Once I’ve given him some feedback about my work with an offer to help him, he is quick to point out how much we save by my being at home most of the time, and not having to use childcare other than two mornings a week of preschool. And because one of my clients is a family travel website, I’m able to take my family on free press trips and score tickets to attractions on a fairly regular basis. We save a small fortune on family vacations and entertainment.
But it can take a few months to refine this process of sharing numbers and successes. If you don’t feel your husband takes your business or income seriously, let him know directly. Tell him you’d love if he took a more vested interest in your career like you do with his. Tell him you appreciate how hard he works and the financial support he gives the family. But remind him your income affords things like building up an emergency fund, paying part of the bills, occasional luxuries and extras the kids want like dance classes and soccer.

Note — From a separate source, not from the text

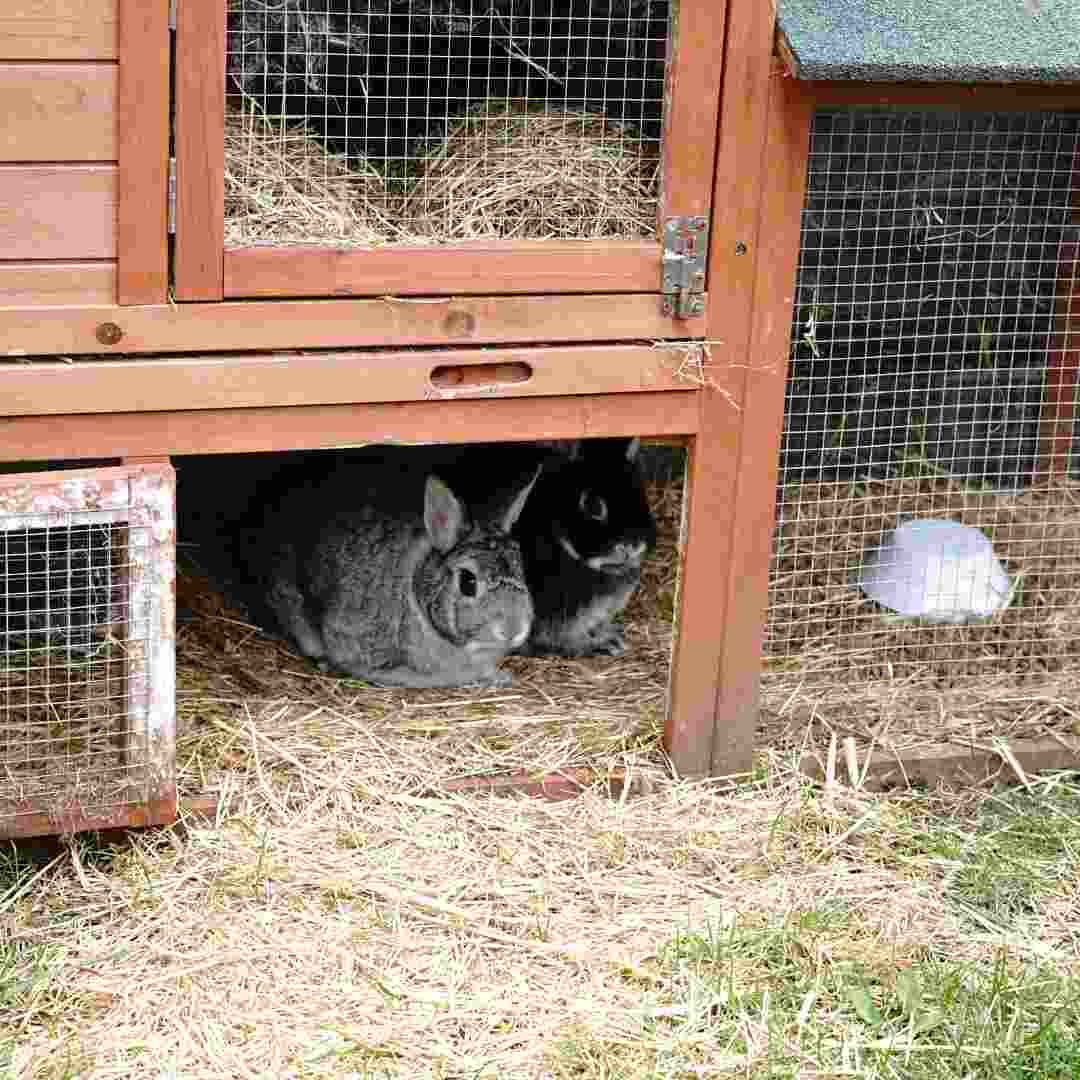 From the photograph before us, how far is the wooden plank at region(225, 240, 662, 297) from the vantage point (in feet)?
13.1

Ask yourself a brutally honest question. “What do I want from my husband or partner?”
Do you even know? If you want him to be a totally different person who is so blown away by your business that he can’t see straight—then you’re going to be disappointed. Don’t expect things to change overnight or to change the person you’re with. Instead figure out what you actually need.
Ask him to give you 8 extra hours a week to work on your business, without complaining that he’s so busy, and take the kids to a playground before giving them dinner and do the laundry. If your husband knows exactly what you want and need, you’re more likely to get it.
We’ve discussed some ways to draw your husband into your business world and ask for his respect. Now it’s time to respect yourself. Once you’ve laid some groundwork in place, let your husband know if he wants to continue enjoying the benefits of your income, that you need more support in the process. Be firm without complaining to show your confidence and determination.
Remember that at the end of the day, it’s up to you to push your business forward and take pride in your work. No one else is going to do it for you.
Let’s hear from you. Is this a familiar struggle? What tactics have you used to get spousal support for your business?